Ahad 01 Feb 2015 15:09 WIB

Punya Anak Kedua? No, Thanks

Red: operator

REPUBLIKA.CO.ID, Boleh jadi ini kabar gembira untuk warga Cina. Sejak setahun lalu, pemerintah negeri ini telah melonggarkan kebijakan kontroversial yang memaksa warganya hanya memiliki satu anak. Kini peraturan tersebut telah sedikit berubah. Pemerintah Cina mengizinkan pasangan untuk memiliki anak kedua. Syaratnya, ayah atau ibunya adalah anak tunggal dalam keluarganya.

Bisa dibilang inilah liberalisasi besar-besaran terhadap kebijakan satu anak yang telah diterapkan selama tiga dekade itu. Menurut kantor berita Xinhua, berkat peraturan baru diperkirakan ada 1 juta pasangan suami-istri yang mengajukan izin untuk memiliki anak kedua.

Bahkan, diperkirakan di seluruh negeri ada sekitar 11 juta pasangan yang diizinkan untuk menambah anggota keluarganya. Malah, pihak dinas kesehatan memprediksi kebijakan itu akan memicu kelahiran 2 juta bayi.

Benarkah demikian?

Ternyata, tidak semua warga Cina bersyukur dengan peraturan baru itu.

Di Beijing, hanya sekitar 30 ribu pasangan yang mengajukan aplikasi memiliki anak kedua. Ini jauh dari angka 50 ribu aplikasi yang diperkirakan sebelumnya. Hal serupa terjadi pula di kota lain seperti Shanghai dan Shenzhen.
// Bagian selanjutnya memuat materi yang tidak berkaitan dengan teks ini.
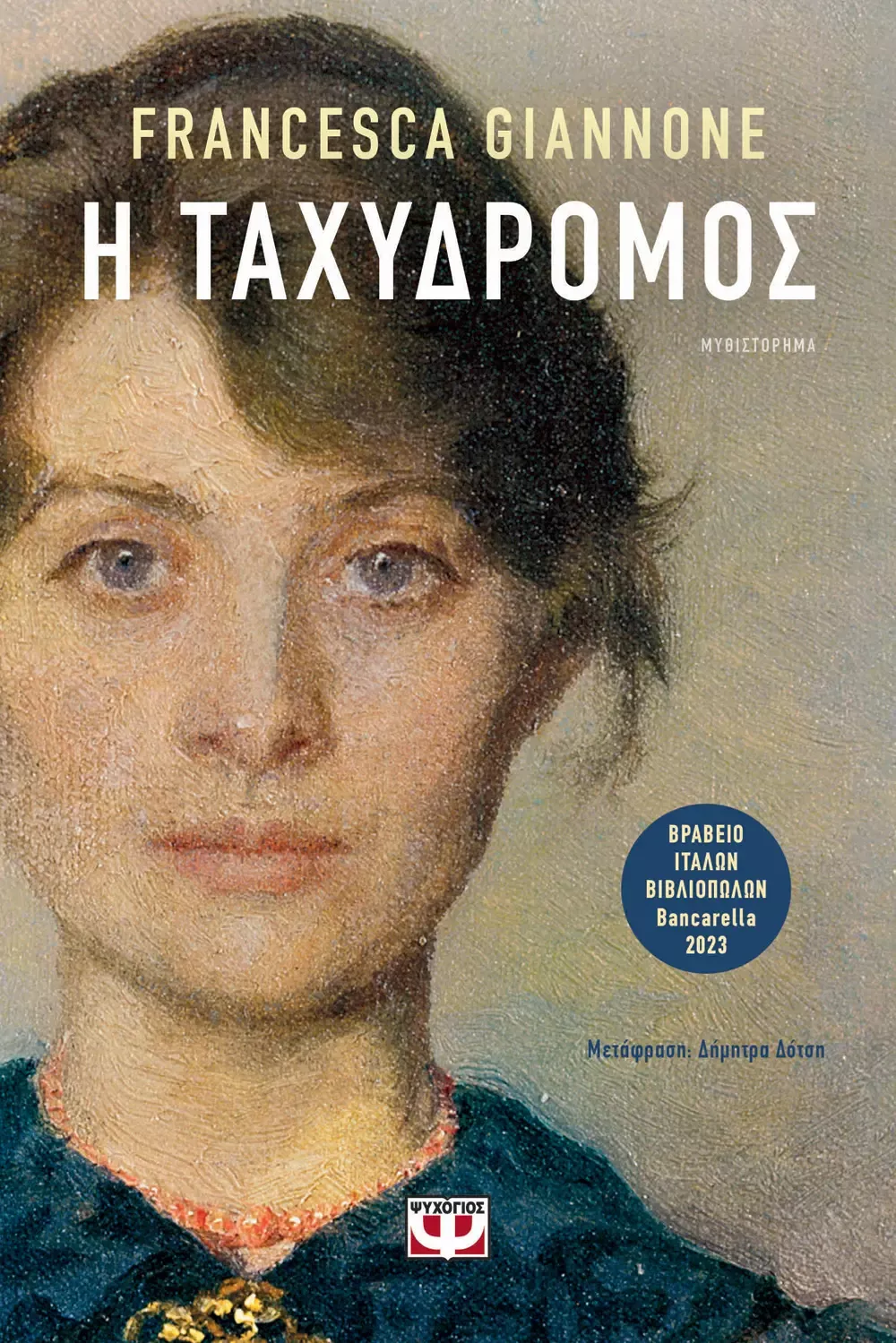 βιβλία γιορτές δώρα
Eason, seorang warga Beijing, tampaknya termasuk yang enggan menambah anak. Ayah seorang anak berusia tiga tahun itu mengaku cemas dengan urusan keuangan jika punya anak lagi. `'Membesarkan anak tunggal saja sudah membuat repot keuangan kami,'' ujarnya, seperti dilan- sir CNN. `'Punya bayi lagi berarti menambah biaya pendidikan, tempat tinggal, dan banyak lagi.''

Pria yang enggan mengungkap nama lengkapnya itu pun menambahkan, `'Mengurus satu anak benar- benar menguras energi kami dan orang tua kami.''

Lain lagi dengan Zhang Li. Perempuan muda ini sebenarnya ingin hamil kembali. Namun, keinginannya itu ditentang habis oleh keluarga besarnya. `'Orang tua saya menentang keras keinginan kami memiliki anak kedua. Mereka berpikir ini akan menambah beban ekonomi keluarga.
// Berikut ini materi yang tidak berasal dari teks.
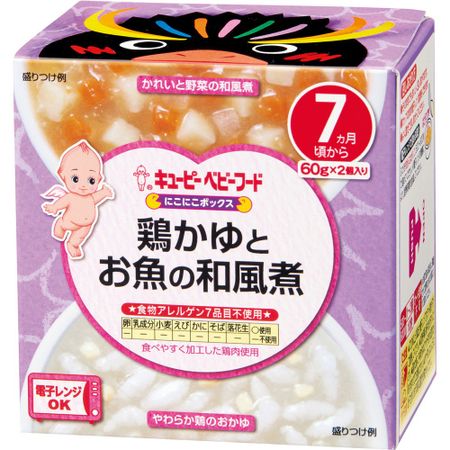 キューピー ベビーフード にこにこボックス鶏かゆとお魚の和風煮 60g×2個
Selain itu, tidak ada yang punya waktu dan energi berlebih untuk mengurus bayi baru,'' kata dia.

Pendapat semacam ini cukup mencemaskan pihak kependudukan setempat. Mereka cemas Cina akan mengalami generasi yang beranjak tua sebelum mampu mencapai level sejahtera untuk sanggup mengurus mereka yang lebih senior.

Banyak yang menilai seharusnya Cina menghapus kebijakan keluarga berencana secara total untuk memastikan jumlah angkatan kerja yang memadai untuk menyokong generasi tua. Diduga kuat, fenomena ini akan terjadi tak lama lagi, sekitar tahun 2016.

`'Masalah demografi dalam jangka panjang sungguh mencemaskan. Cina mulai dibandingkan dengan Jepang yang masalah ekonominya dipicu oleh tren demografi,'' ujar Brian Jackson, ekonom di sebuah grup riset IHS Global Insight di Beijing.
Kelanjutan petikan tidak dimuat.